# CMLS - Homework 1 - Assignment 4

Useful links:
* Reference [paper](http://www.justinsalamon.com/uploads/4/3/9/4/4394963/salamon_urbansound_acmmm14.pdf)
* [Cross-validation](https://scikit-learn.org/stable/modules/cross_validation.html) in SKLearn
* [Urbansound8K](https://urbansounddataset.weebly.com/urbansound8k.html) documentation

In [73]:
import numpy as np
import librosa
import os
import scipy as sp
%matplotlib inline

from tqdm import tqdm
import pickle # to save the object as a file
import sklearn
from sklearn.metrics import confusion_matrix, ConfusionMatrixDisplay, accuracy_score
import matplotlib.pyplot as plt
from matplotlib.figure import Figure
import IPython.display as ipd
from sklearn.mixture import BayesianGaussianMixture
import scipy.stats
import seaborn as sns
import csv
from tqdm import tqdm   #to monitor loops during computation

In [None]:
n_mfcc = 25

class Sound:
    
    def __init__(self, path, slice_file_name, fold, classID, class_name, startTime, endTime):
        self.slice_file_name = path +'/fold'+fold+'/'+slice_file_name
        self.fold = fold
        self.classID = int(classID)
        self.class_name = class_name
        self.startTime = startTime
        self.endTime = endTime
        self.features = None
        self.mfcc = None
        self.chroma = None
        self.spec_con = None
        
    def extract_features(self):
        audio, fs = librosa.load(self.slice_file_name, sr=None)
        #audio = audio[0:4*fs]
        mfcc = compute_mfcc(audio,fs, n_mfcc)
        self.mfcc = np.mean(mfcc, axis=1)
        #mfcc = librosa.feature.mfcc(y = audio, sr = fs, n_mfcc = n_mfcc)
        chroma_matrix = librosa.feature.chroma_stft(audio, fs)
        self.chroma = np.mean(chroma_matrix, axis=1)
        spec_con = librosa.feature.spectral_contrast(y=audio, sr=fs, n_bands=3)
        self.spec_con = spec_con.mean(axis=1)
        self.features = np.concatenate((np.mean(mfcc, axis=1),np.std(mfcc, axis=1), np.mean(chroma_matrix, axis=1), chroma_matrix.std(axis=1), spec_con.mean(axis=1), spec_con.std(axis=1)),axis =0)

In [77]:
def compute_mfcc(audio, fs, n_mfcc):
    # Compute the spectrogram of the audio signal 
    X = np.abs(librosa.stft(
    audio,
    window='hamming',
    n_fft = 1024,
    hop_length = 512,
    ))
    
    # Find the weights of the mel filters
    mel = librosa.filters.mel(
        sr = fs,
        n_fft = 1024,
        n_mels = 40,
        fmin = 0,
        fmax = 22050
    )
    
    # Apply the filters to spectrogram
    melspectrogram = np.dot(mel, X) 
    log_melspectrogram = np.log10(melspectrogram + 1e-16)
    
    # Apply the DCT to log melspectrogram to obtain the coefficients
    mfcc = sp.fftpack.dct(log_melspectrogram, axis=0, norm='ortho')[1:n_mfcc + 1]
    
    return mfcc


In [78]:
def compute_training_set(test_folder):
    train_files = [s for s in soundList if s.fold!=test_folder]
    n_train_samples = len(train_files)
    train_features = np.zeros((n_train_samples, 82))
    train_labels = []
    
    for i,f in enumerate(train_files):
        train_features[i,:] = train_files[i].features
        train_labels.append(train_files[i].classID)
        
    return [train_features, train_labels]

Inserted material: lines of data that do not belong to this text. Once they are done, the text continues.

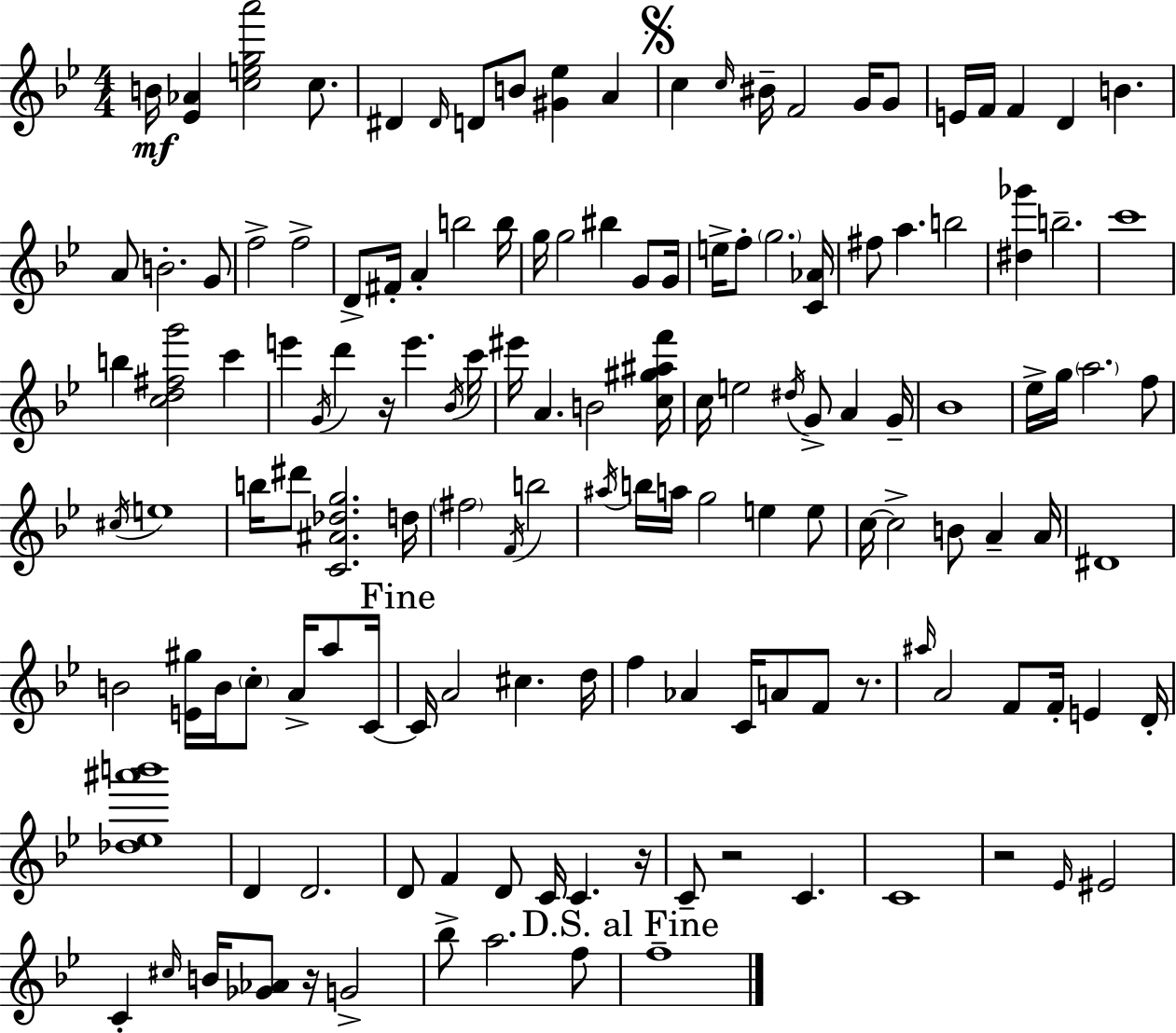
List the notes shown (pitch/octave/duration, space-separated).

B4/s [Eb4,Ab4]/q [C5,E5,G5,A6]/h C5/e. D#4/q D#4/s D4/e B4/e [G#4,Eb5]/q A4/q C5/q C5/s BIS4/s F4/h G4/s G4/e E4/s F4/s F4/q D4/q B4/q. A4/e B4/h. G4/e F5/h F5/h D4/e F#4/s A4/q B5/h B5/s G5/s G5/h BIS5/q G4/e G4/s E5/s F5/e G5/h. [C4,Ab4]/s F#5/e A5/q. B5/h [D#5,Gb6]/q B5/h. C6/w B5/q [C5,D5,F#5,G6]/h C6/q E6/q G4/s D6/q R/s E6/q. Bb4/s C6/s EIS6/s A4/q. B4/h [C5,G#5,A#5,F6]/s C5/s E5/h D#5/s G4/e A4/q G4/s Bb4/w Eb5/s G5/s A5/h. F5/e C#5/s E5/w B5/s D#6/e [C4,A#4,Db5,G5]/h. D5/s F#5/h F4/s B5/h A#5/s B5/s A5/s G5/h E5/q E5/e C5/s C5/h B4/e A4/q A4/s D#4/w B4/h [E4,G#5]/s B4/s C5/e A4/s A5/e C4/s C4/s A4/h C#5/q. D5/s F5/q Ab4/q C4/s A4/e F4/e R/e. A#5/s A4/h F4/e F4/s E4/q D4/s [Db5,Eb5,A#6,B6]/w D4/q D4/h. D4/e F4/q D4/e C4/s C4/q. R/s C4/e R/h C4/q. C4/w R/h Eb4/s EIS4/h C4/q C#5/s B4/s [Gb4,Ab4]/e R/s G4/h Bb5/e A5/h. F5/e F5/w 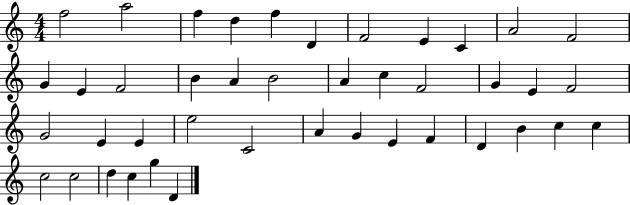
F5/h A5/h F5/q D5/q F5/q D4/q F4/h E4/q C4/q A4/h F4/h G4/q E4/q F4/h B4/q A4/q B4/h A4/q C5/q F4/h G4/q E4/q F4/h G4/h E4/q E4/q E5/h C4/h A4/q G4/q E4/q F4/q D4/q B4/q C5/q C5/q C5/h C5/h D5/q C5/q G5/q D4/q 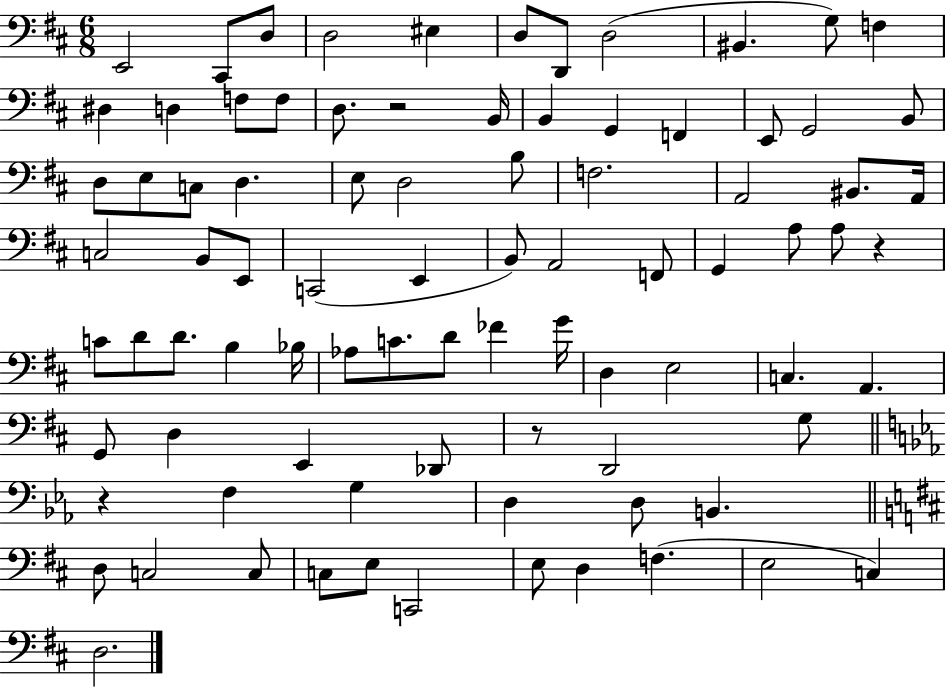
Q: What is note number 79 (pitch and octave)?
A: F3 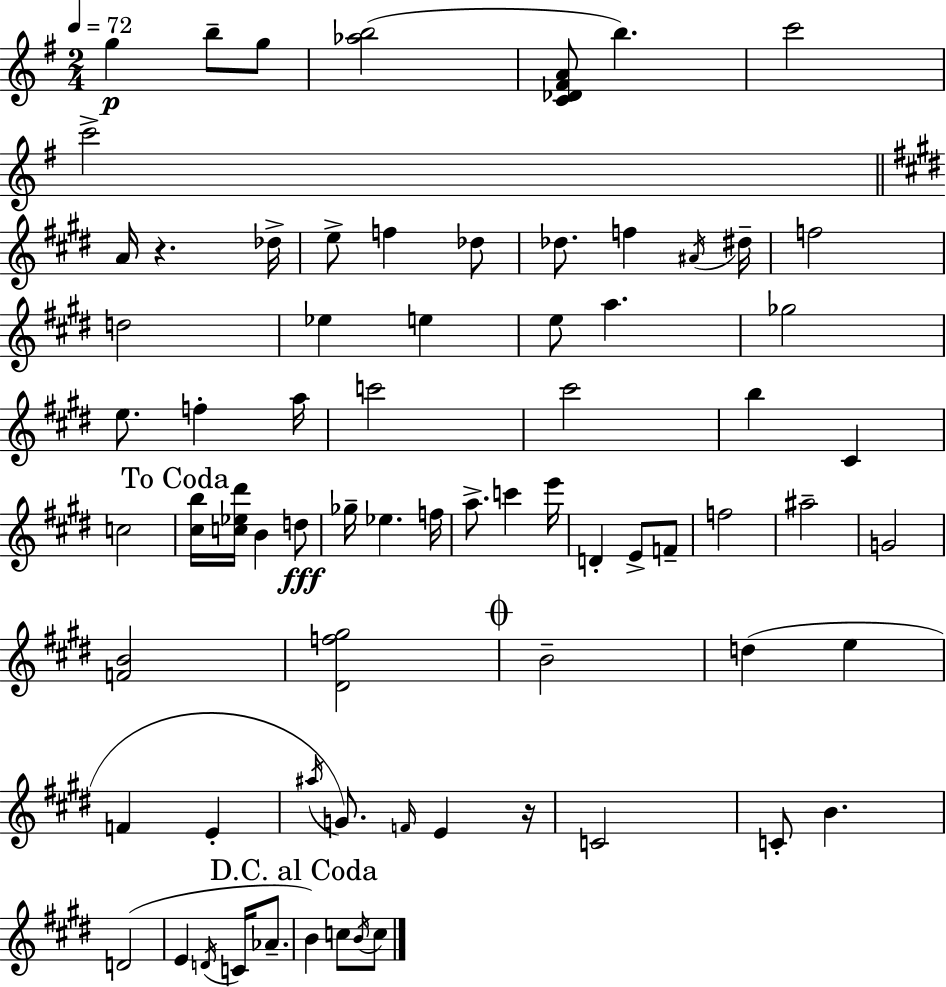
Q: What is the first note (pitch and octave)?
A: G5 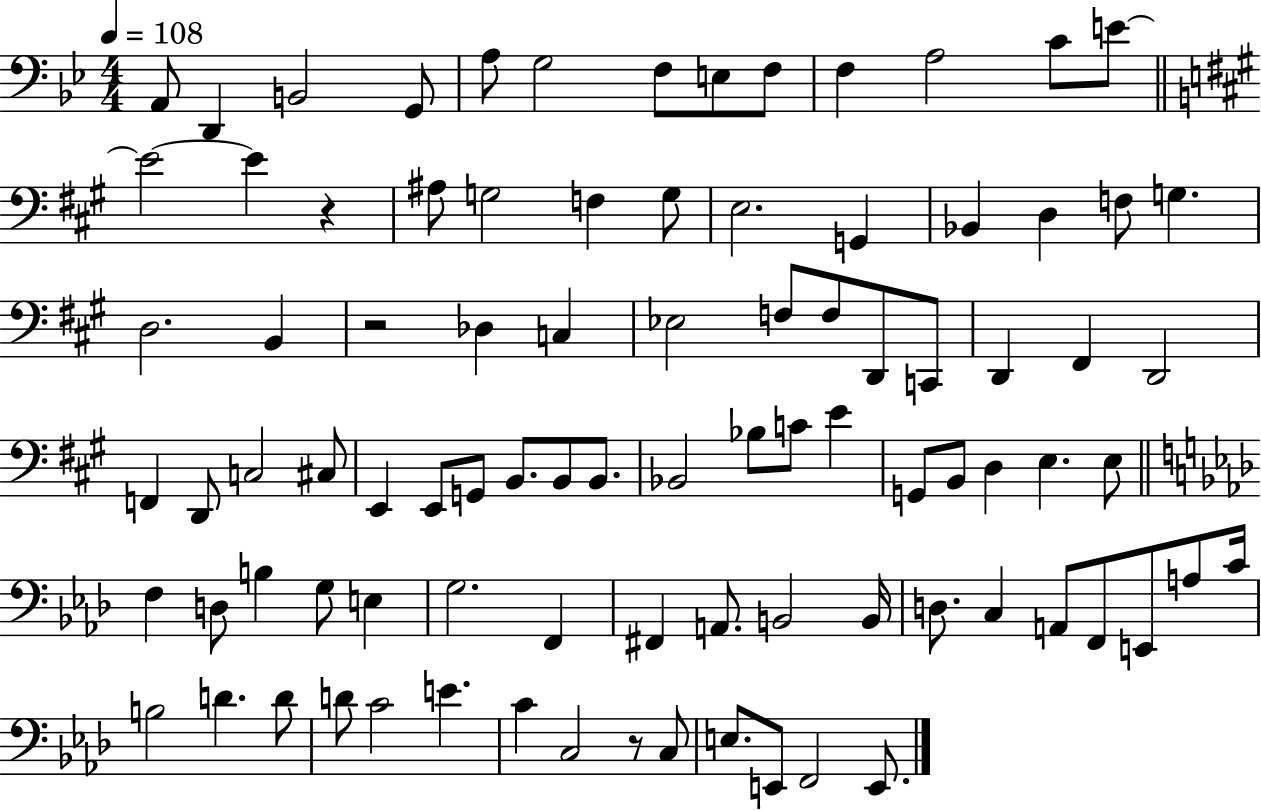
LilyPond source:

{
  \clef bass
  \numericTimeSignature
  \time 4/4
  \key bes \major
  \tempo 4 = 108
  \repeat volta 2 { a,8 d,4 b,2 g,8 | a8 g2 f8 e8 f8 | f4 a2 c'8 e'8~~ | \bar "||" \break \key a \major e'2~~ e'4 r4 | ais8 g2 f4 g8 | e2. g,4 | bes,4 d4 f8 g4. | \break d2. b,4 | r2 des4 c4 | ees2 f8 f8 d,8 c,8 | d,4 fis,4 d,2 | \break f,4 d,8 c2 cis8 | e,4 e,8 g,8 b,8. b,8 b,8. | bes,2 bes8 c'8 e'4 | g,8 b,8 d4 e4. e8 | \break \bar "||" \break \key aes \major f4 d8 b4 g8 e4 | g2. f,4 | fis,4 a,8. b,2 b,16 | d8. c4 a,8 f,8 e,8 a8 c'16 | \break b2 d'4. d'8 | d'8 c'2 e'4. | c'4 c2 r8 c8 | e8. e,8 f,2 e,8. | \break } \bar "|."
} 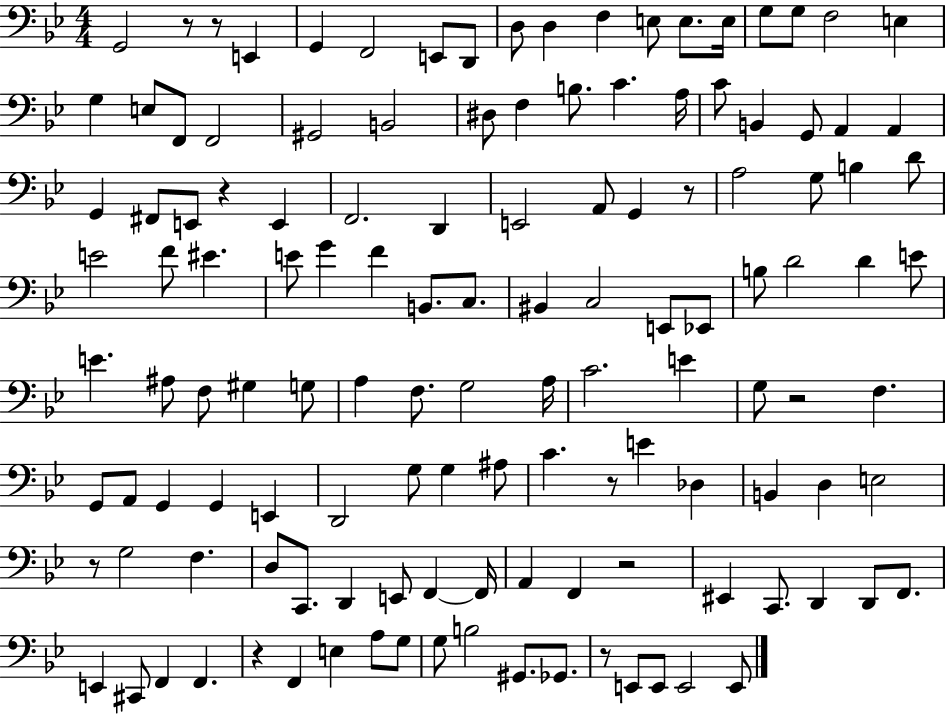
G2/h R/e R/e E2/q G2/q F2/h E2/e D2/e D3/e D3/q F3/q E3/e E3/e. E3/s G3/e G3/e F3/h E3/q G3/q E3/e F2/e F2/h G#2/h B2/h D#3/e F3/q B3/e. C4/q. A3/s C4/e B2/q G2/e A2/q A2/q G2/q F#2/e E2/e R/q E2/q F2/h. D2/q E2/h A2/e G2/q R/e A3/h G3/e B3/q D4/e E4/h F4/e EIS4/q. E4/e G4/q F4/q B2/e. C3/e. BIS2/q C3/h E2/e Eb2/e B3/e D4/h D4/q E4/e E4/q. A#3/e F3/e G#3/q G3/e A3/q F3/e. G3/h A3/s C4/h. E4/q G3/e R/h F3/q. G2/e A2/e G2/q G2/q E2/q D2/h G3/e G3/q A#3/e C4/q. R/e E4/q Db3/q B2/q D3/q E3/h R/e G3/h F3/q. D3/e C2/e. D2/q E2/e F2/q F2/s A2/q F2/q R/h EIS2/q C2/e. D2/q D2/e F2/e. E2/q C#2/e F2/q F2/q. R/q F2/q E3/q A3/e G3/e G3/e B3/h G#2/e. Gb2/e. R/e E2/e E2/e E2/h E2/e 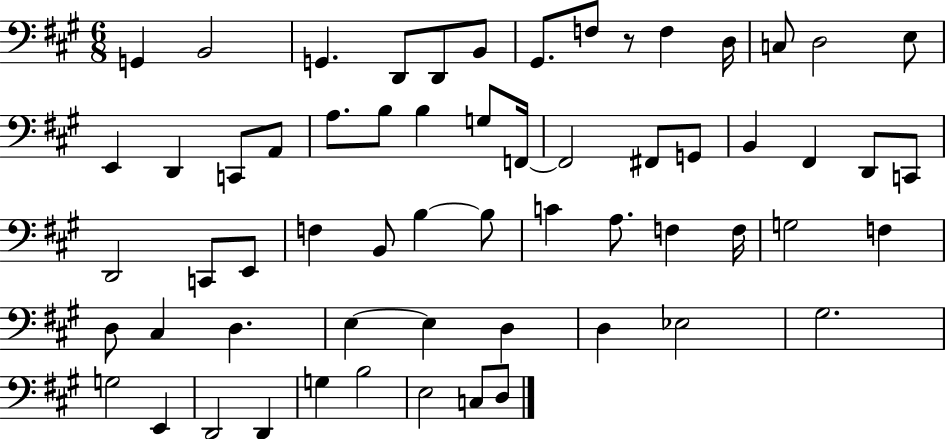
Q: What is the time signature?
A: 6/8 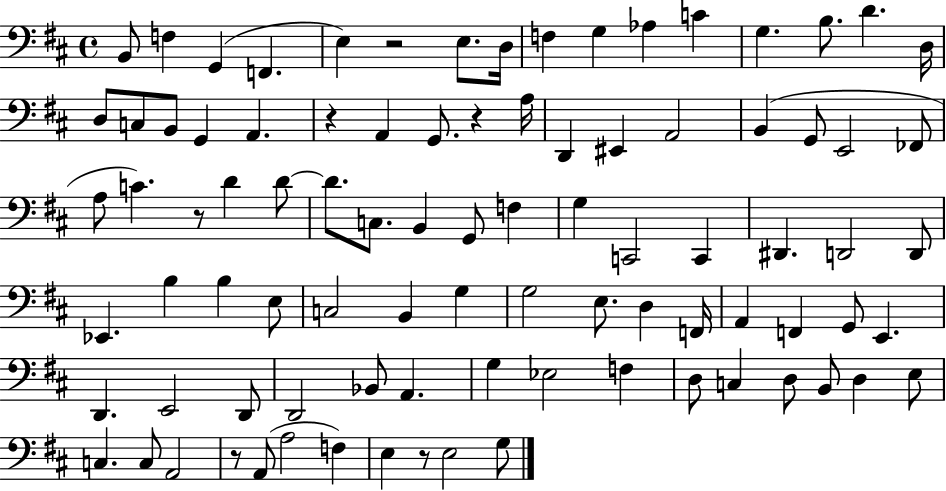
{
  \clef bass
  \time 4/4
  \defaultTimeSignature
  \key d \major
  b,8 f4 g,4( f,4. | e4) r2 e8. d16 | f4 g4 aes4 c'4 | g4. b8. d'4. d16 | \break d8 c8 b,8 g,4 a,4. | r4 a,4 g,8. r4 a16 | d,4 eis,4 a,2 | b,4( g,8 e,2 fes,8 | \break a8 c'4.) r8 d'4 d'8~~ | d'8. c8. b,4 g,8 f4 | g4 c,2 c,4 | dis,4. d,2 d,8 | \break ees,4. b4 b4 e8 | c2 b,4 g4 | g2 e8. d4 f,16 | a,4 f,4 g,8 e,4. | \break d,4. e,2 d,8 | d,2 bes,8 a,4. | g4 ees2 f4 | d8 c4 d8 b,8 d4 e8 | \break c4. c8 a,2 | r8 a,8( a2 f4) | e4 r8 e2 g8 | \bar "|."
} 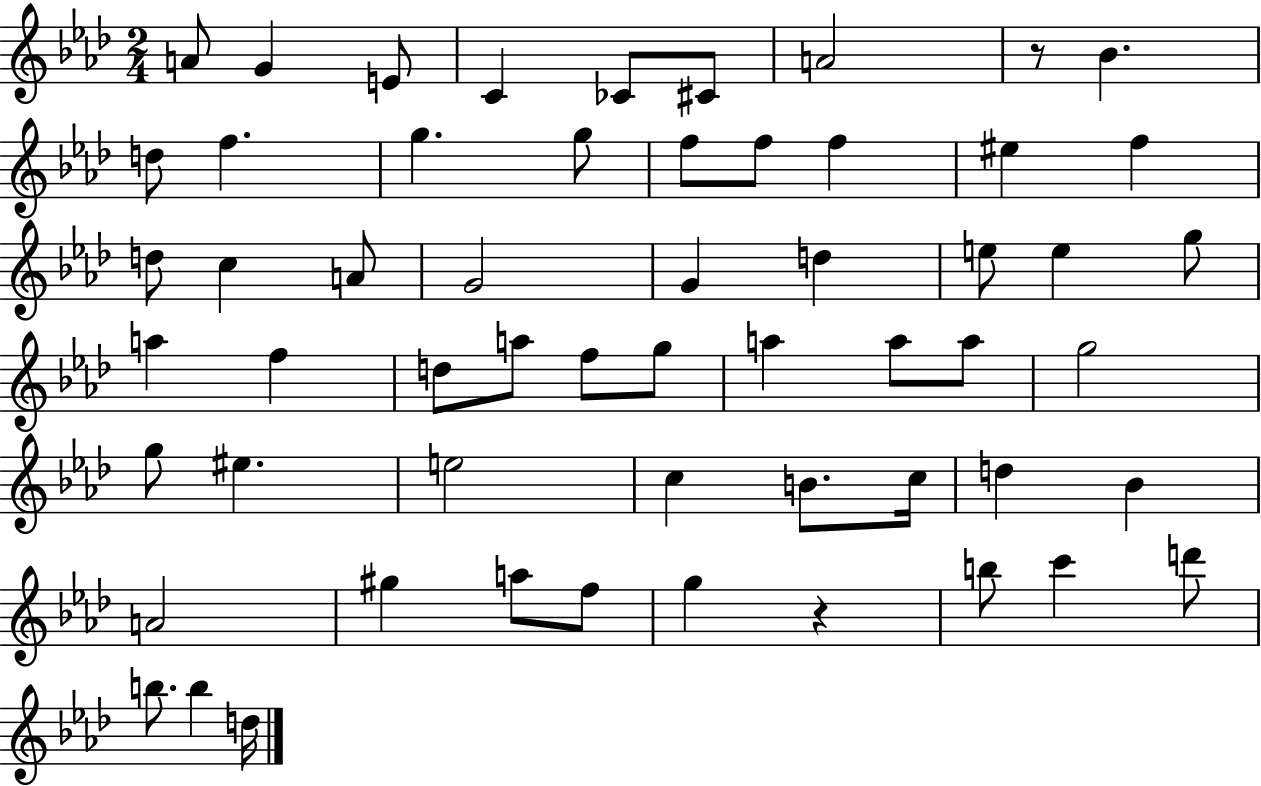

def compute_test_set(test_folder):
    test_files = [s for s in soundList if s.fold==test_folder]
    n_test_samples = len(test_files)
    test_features = np.zeros((n_test_samples, 82))
    test_labels = []
    
    for i,f in enumerate(test_files):
        test_features[i,:] = test_files[i].features
        test_labels.append(test_files[i].classID)
    
    return [test_features, test_labels]


Read CSV & extract features:

In [79]:
classes = ['air_conditioner',
           'car_horn',
           'children_playing',
           'dog_bark',
           'drilling',
           'engine_idling',
           'gun_shot',
           'jackhammer',
           'siren',
           'street_music'
          ]

classesID = {
    'air_conditioner': 0,
    'car_horn': 1,
    'children_playing' : 2,
    'dog_bark': 3,
    'drilling': 4,
    'engine_idling':5,
    'gun_shot': 6,
    'jackhammer': 7,
    'siren': 8,
    'street_music': 9
}

In [None]:
path = '../input/urbansound8k/UrbanSound8K.csv'
soundList = []
with open(path, newline='') as soundcsv:
        reader = csv.DictReader(soundcsv)
        totalrows = 8732 #sum(1 for row in reader) # ma non so perchè non funziona
        for row in tqdm(reader, total=totalrows):
        #for row in reader: #old
            s = Sound('../input/urbansound8k', row['slice_file_name'], row['fold'], row['classID'], row['class'], row['start'], 
                      row['end'])
            s.extract_features()
            soundList.append(s)


Save the featurese in a file for a faster loading

In [None]:
from datetime import datetime
# datetime object containing current date and time
now = datetime.now()
dt_string = now.strftime("%d_%m_%Y__%H_%M_%S")
with open("./soundList_" + dt_string + ".cmls", "wb") as f:
    pickle.dump(soundList, f)

Load the features


In [None]:
soundList = []
path_to_load = '../input/cmls-homework/soundList_26_04_2021__14_18_12.cmls' #cambia path
with open(path_to_load, 'rb') as soundList_file: 
    soundList = pickle.load(soundList_file)
    # After config_dictionary is read from file
    # print(soundList)

## Feature visualization

In [None]:
## visualization of features for one class
for c in classes:
    if c == 'gun_shot':
        mfcc = [s.mfcc for s in soundList if s.class_name==c]
        mfcc = np.array(mfcc).transpose()
        # Visualization
        fig = plt.figure(figsize=(16, 6))
        plt.subplot(1,2,1)
        plt.imshow(mfcc, origin='lower', aspect='auto')
        plt.xlabel('Training samples')
        plt.ylabel('MFCC coefficients')
        plt.title('MFCC (coefficients 0 to 25) for class {}'.format(c))
        plt.colorbar()
        plt.tight_layout()
        ''''
        mfcc_upper = mfcc[4:]
        plt.subplot(1,2,2)
        plt.imshow(mfcc_upper, origin='lower', aspect='auto')
        plt.title('MFCC (coefficients 4 to 25) for class {}'.format(c))
        plt.xlabel('Training samples')
        plt.ylabel('MFCC coefficients')
        plt.colorbar()
        plt.tight_layout()
        '''
        
        chroma = [s.chroma for s in soundList if s.class_name==c]
        chroma = np.array(chroma).transpose()
        # Visualization
        fig = plt.figure(figsize=(16, 6))
        plt.subplot(1,4,2)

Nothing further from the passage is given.